● Problem details
What is needed is an exact copy of every line from the one with "streusel-crunch-blueberry-muffins-recipe-chatelaine image" to the end of the entries below, without the pictures.

Source data
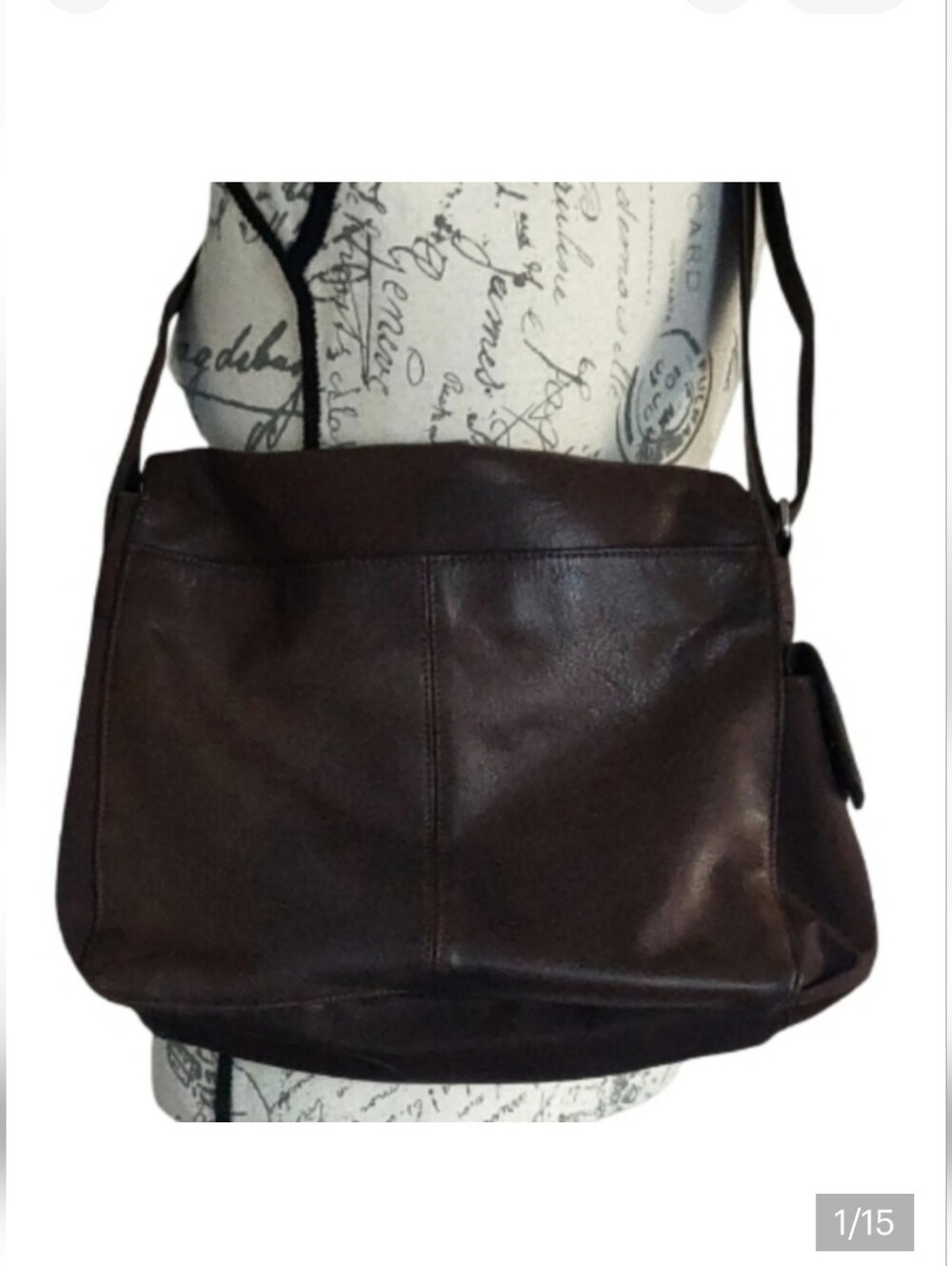 Vintage Fossil Leather Messenger Bag.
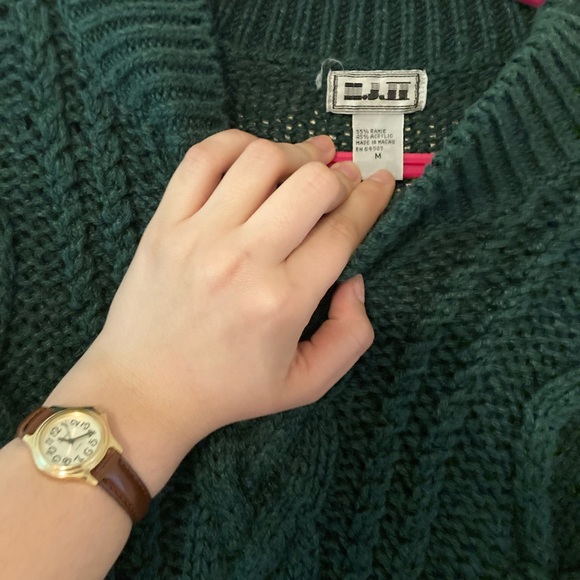 SOLD Dark green emerald green sweater large - Picture 2 of 4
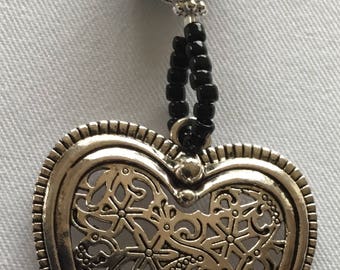 Heart pendant necklace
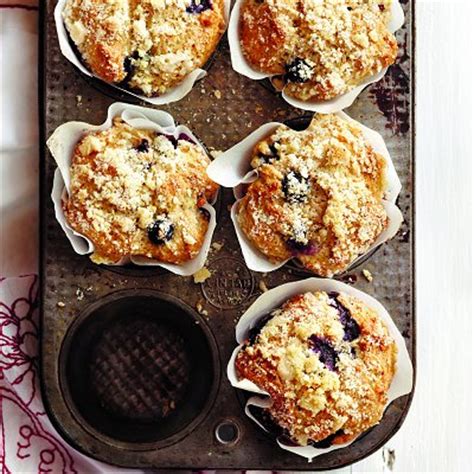 streusel-crunch-blueberry-muffins-recipe-chatelaine image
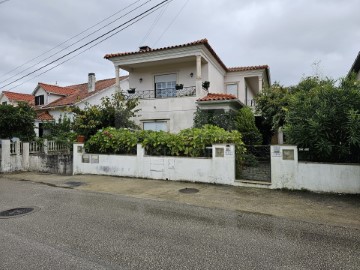 House 4 Bedrooms in Pataias e Martingança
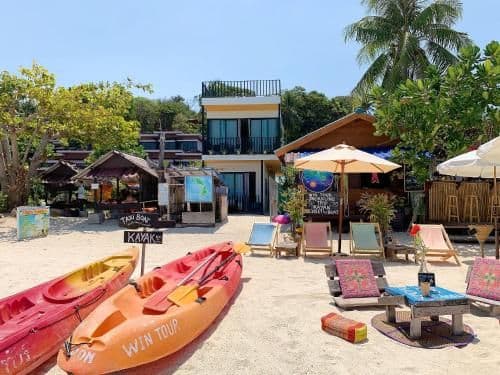 Sunrise Beach House, Whole floor! 2 Bedrooms Sunrise Beach House, Whole floor! 2 Bedrooms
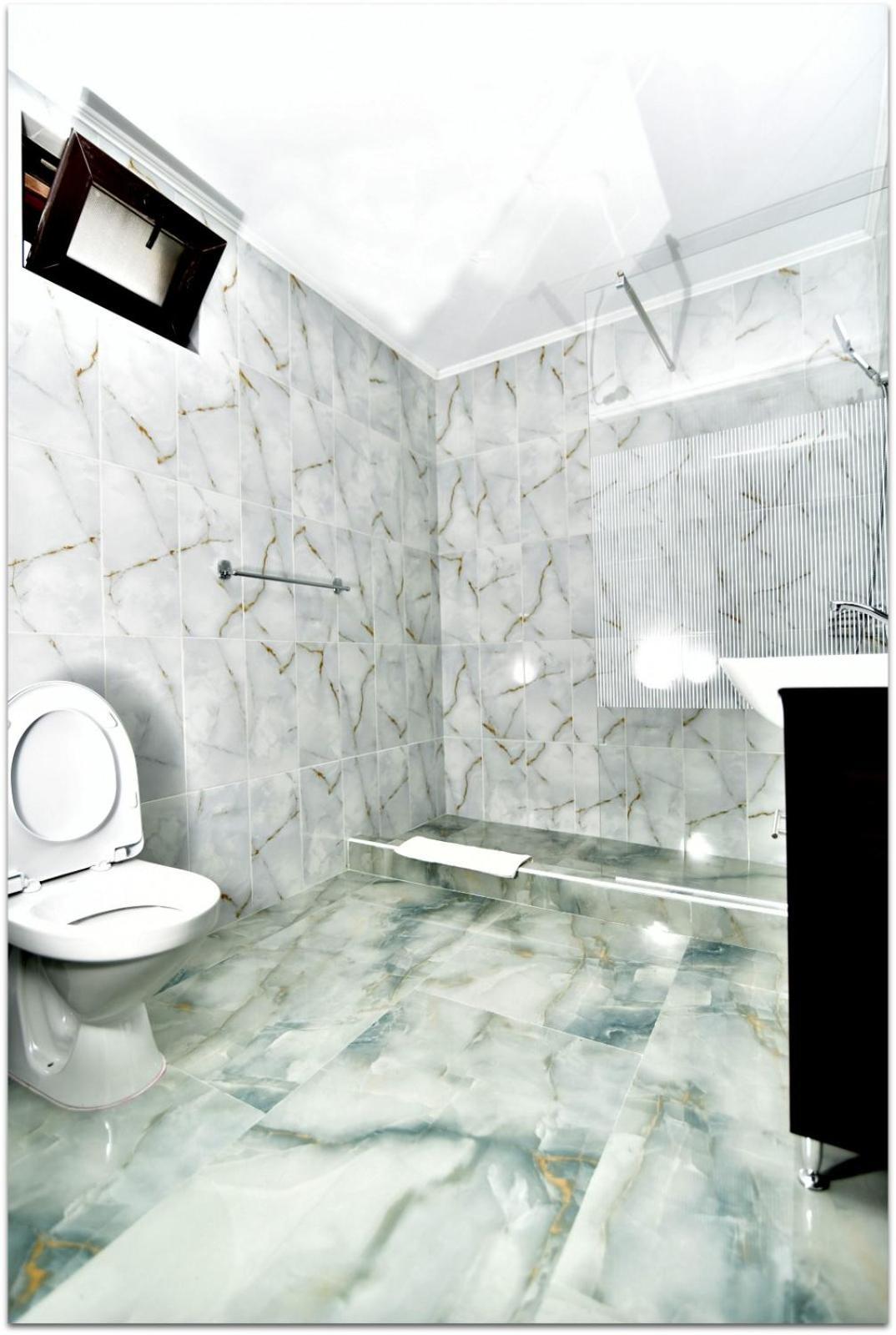 La Relian Hotel Partizanii ภายนอก รูปภาพ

● Result for this task
 streusel-crunch-blueberry-muffins-recipe-chatelaine image
 House 4 Bedrooms in Pataias e Martingança
 Sunrise Beach House, Whole floor! 2 Bedrooms Sunrise Beach House, Whole floor! 2 Bedrooms
 La Relian Hotel Partizanii ภายนอก รูปภาพ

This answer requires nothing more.